Reagan used the term “taxpayer dollars” to convince voters that it was “their” money being lavished on programs for the poor, who he characterized with the fictional “welfare queen” who drove her new Cadillac to the store to use her food stamps. No examples of that were ever found in the wild, but the concept of the people “funding” their government’s wastefulness was implanted and nurtured as the bedrock of conservative economics and trickle-down that positioned the private sector as the “source” of all dollars.
This resonates quite well with voters, and many politicians, because it is how their personal budget process, and that of any entity “not” the monopoly issuer of the currency, works. To a voter, a dollar is a “thing” that they must obtain before spending and borrowing too many of them is unwise. This equating of personal and federal budget processes is only applicable if each “taxpayer” has a legal printing press in their basement churning out dollars on demand.
This basic misconception surrounding federal finance, prevalent even among economists who were trained by “gold standard” teaching, fails to account for dollars that are leaked from circulation by trade deficits and wealth accumulation. Neither is any real threat by itself as long as those dollars are replaced by Congress issuing new dollars, but misinformed voters have created a political environment that makes that very difficult.
If you are a wealthy investor this errant perception of money is quite beneficial as it keeps the middle-class worker cheering for his own demise and supporting the concept that “you” fund his living standard. That worker will resist any attempt by the government to regulate or tax your business for you and will blame any economic misery on the government that s/he sees as a competing “user” of the currency, not the “source” of all currency not balanced by private sector debt.
In a fiat currency economy with a floating exchange rate, wealth is entirely relative and dependent upon what your wealth will buy. If J.D. Rockafeller was transported in time today with his fortune he would barely be a blip on the list of top wealth owners if his money wasn’t adjusted to inflation. While inflation is the boogeyman dragged out anytime the subject of “printing money” by the government (which doesn’t actually print money any longer) is forwarded, it is beneficial to wage earners as long as it is compensated for with additional spending. It drives accumulated wealth back into investments that are less safe, but offer higher returns to avoid wealth erosion.
The Fed is having trouble hitting its inflation targets (which I would double) because it can’t convince Congress to spend into the economy sufficiently. As trade deficits and wealth accumulation drain away dollars the workers are forced into financing many of their necessities with bank debt. That debt carries an automatic inflation factor but cannot be retired without dollars only Congress can create, so it is a death spiral only mitigated by GDP growth to “rollover” private debt.

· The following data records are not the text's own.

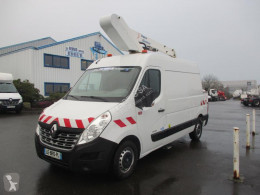 Utilitaire nacelle Renault Master Traction 125.35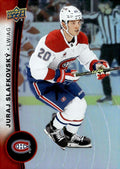 Juraj Slafkovsky #20 Montreal Canadiens | 2025-26 Upper Deck Tim Hortons Collector's Series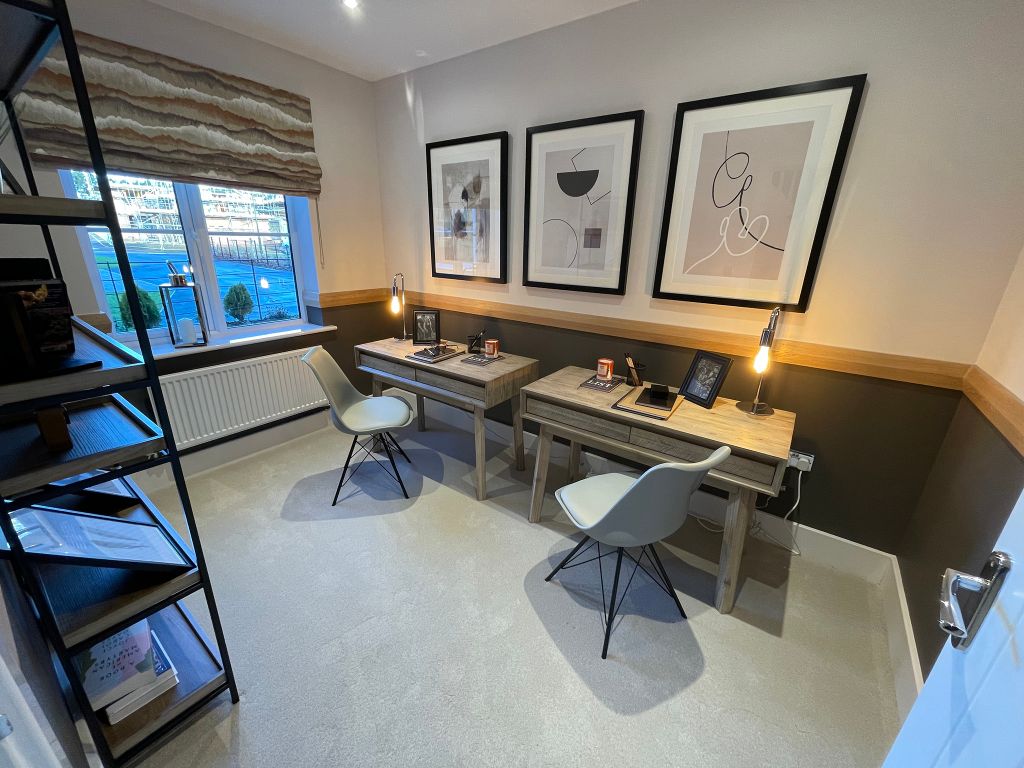 Additional image 4 of 5 bed detached house for sale"The Oxwich" at Llantrisant Road, Capel Llanilltern, Cardiff CF5
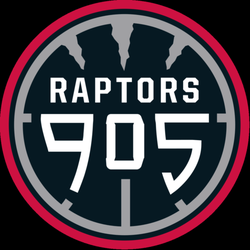 Raptors 905 - Raptors 905 logo.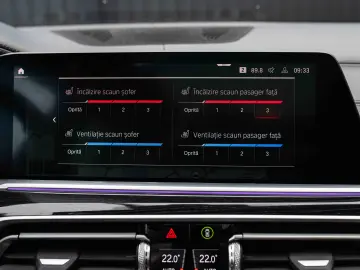 BMW X7 xDrive40d 7 locuri M-Sport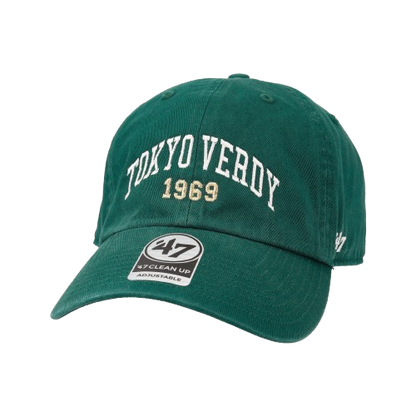 2025 47'CLEAN UPキャップ(TOKYOVERDY)(GRN) – 東京ヴェルディ公式 2025 47'CLEAN UPキャップ(TOKYOVERDY)(GRN) – 東京ヴェルディ公式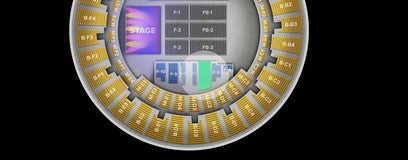 Seat view from Floor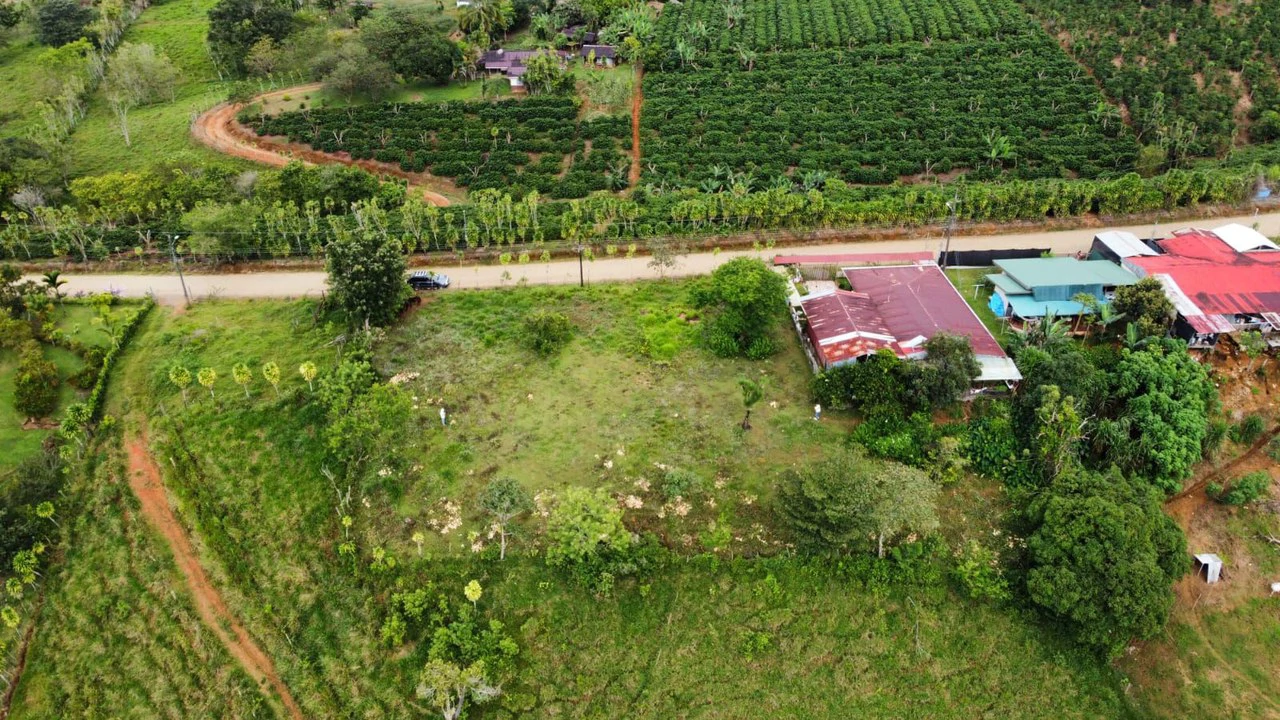 PROPIEDAD EN VENTA, UBICADA EN SANTA ELENA, PEREZ ZELEDON: Mountain Home Construction Site For Sale in Cajón - Gallery image 17
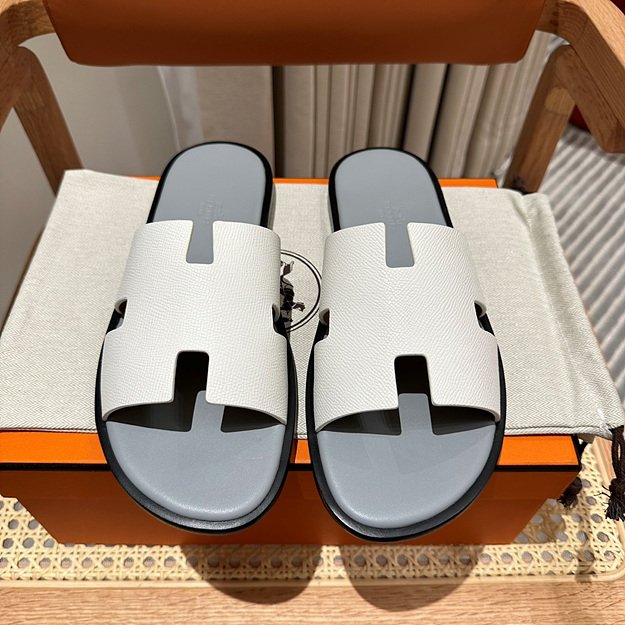 에르메스 이즈미르 슬리퍼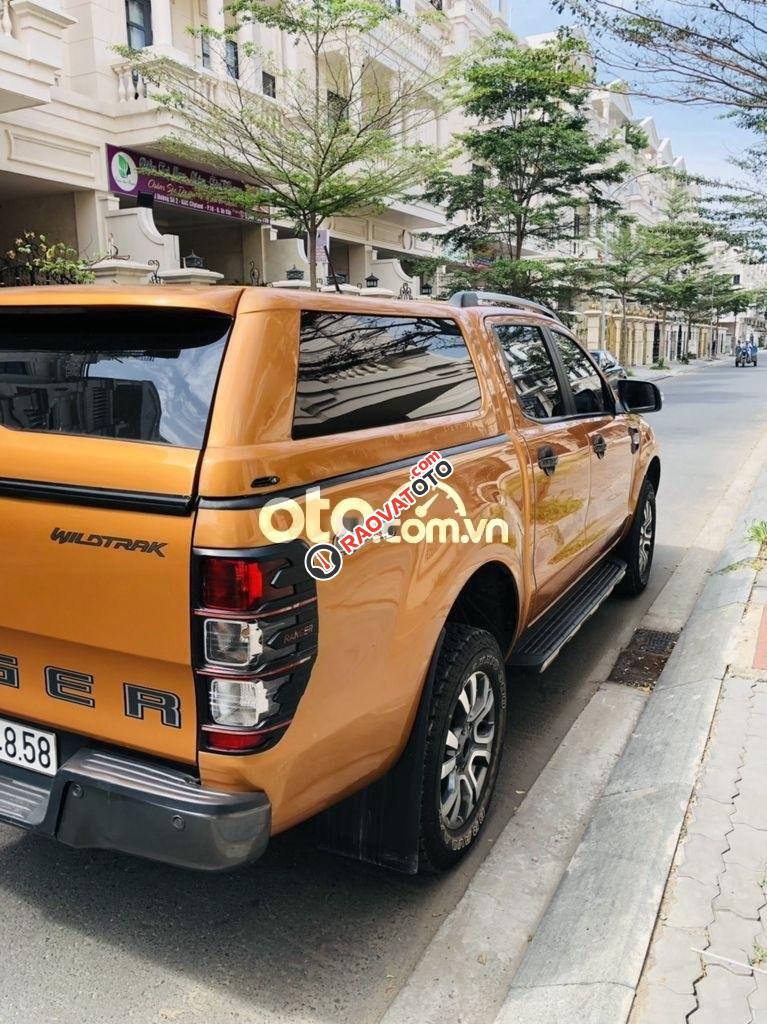 Bán Ford Ranger Wildtrak năm 2018, nhập khẩu Thái-4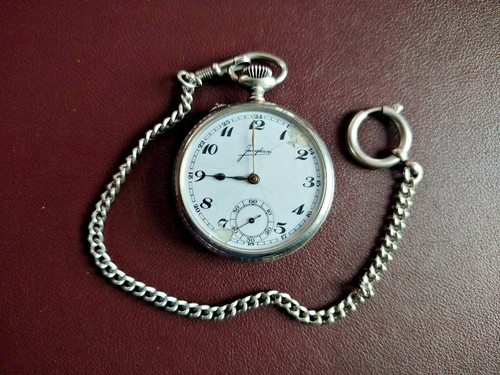 Junghans taschenuhr - junghans,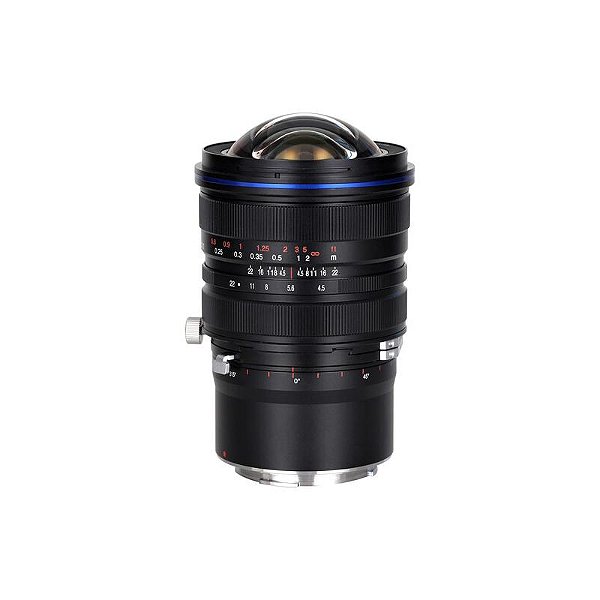 Laowa Lente Shift 15mm f/4.5 Zero‑D Montagem Leica L
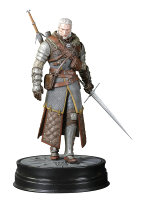 Figura Witcher (Vaják) III: riviai Geralt (Grandmaster Ursine Armor)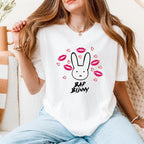 Bad Bunny Graphic Tee – Reggaeton Music Fan Unisex Shirt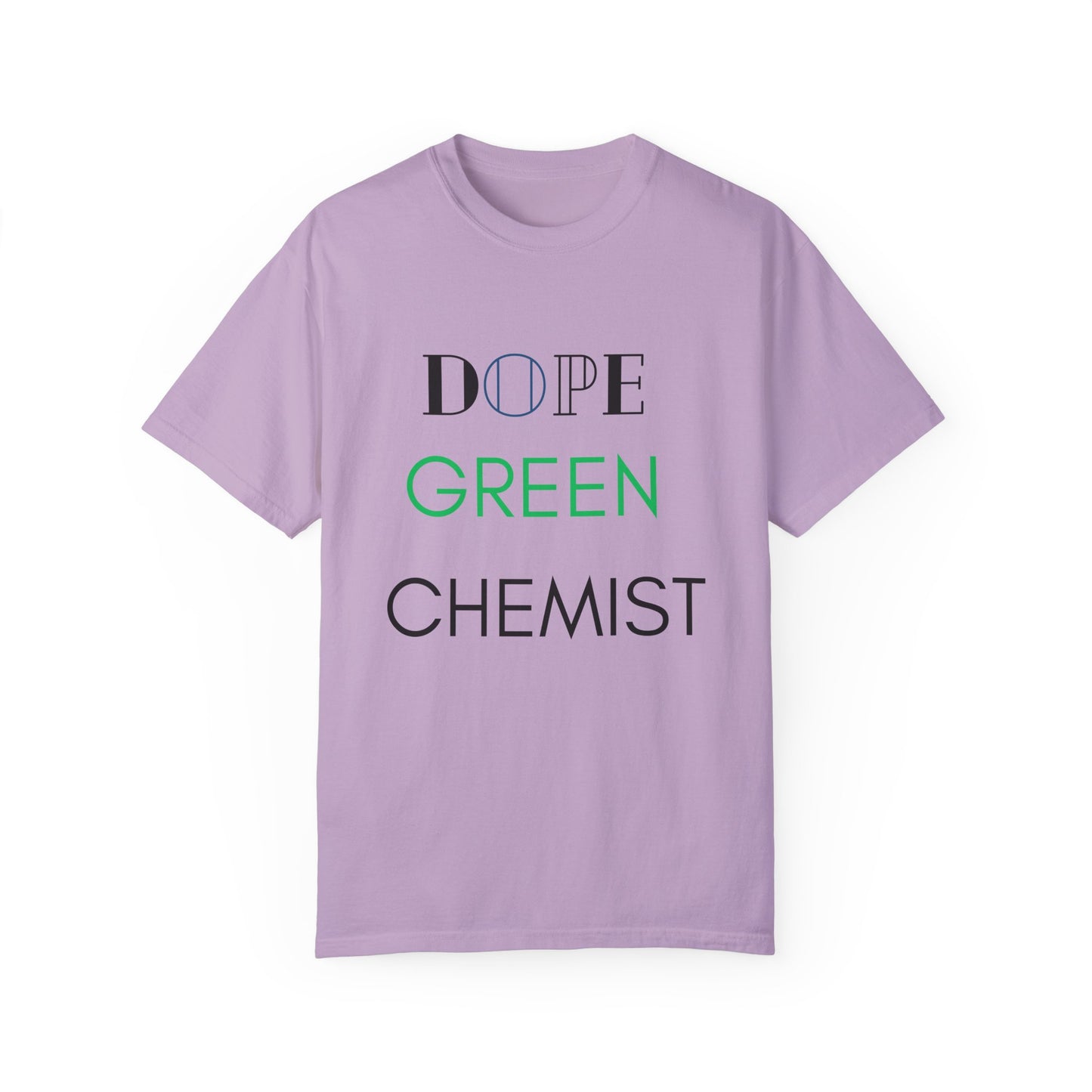 Dope Green Chemist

Any time growth slows in economic downturns the house of cards is at risk of complete failure, as we saw in ’08 and only large injections of federal money via automatic stabilizers can stop domino-like failures of supply chains. As voters pressure their government to make cuts to the safety nets this risk increases drastically. As middle-class wealth is depleted and the ability of workers to retire their bank debt is at risk the wealthy will take their incomes from the government directly with increased subsidies of their businesses and extreme tax breaks and will hide it offshore. This is “late-stage” capitalism and is where we are now.